### [WHAT TO DO]
Repeat each line of the data below exactly, but skip the pictures.
DATASET EXTRACT Start Marker
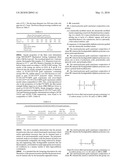 Starch-polyester biodegradable graft copolymers and a method of preparation thereof diagram and image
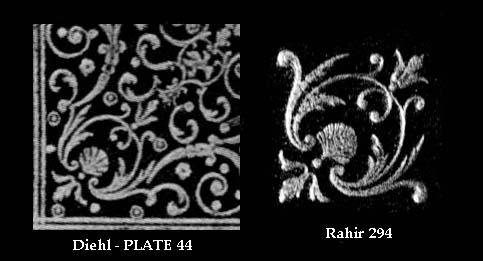 comparative diagram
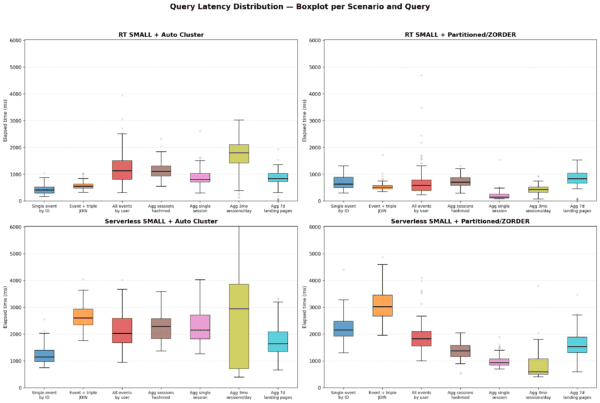 Query latency distribution - boxplot per scenario and query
DATASET EXTRACT End Marker
### [TASK SOLUTION]
 Starch-polyester biodegradable graft copolymers and a method of preparation thereof diagram and image
 comparative diagram
 Query latency distribution - boxplot per scenario and query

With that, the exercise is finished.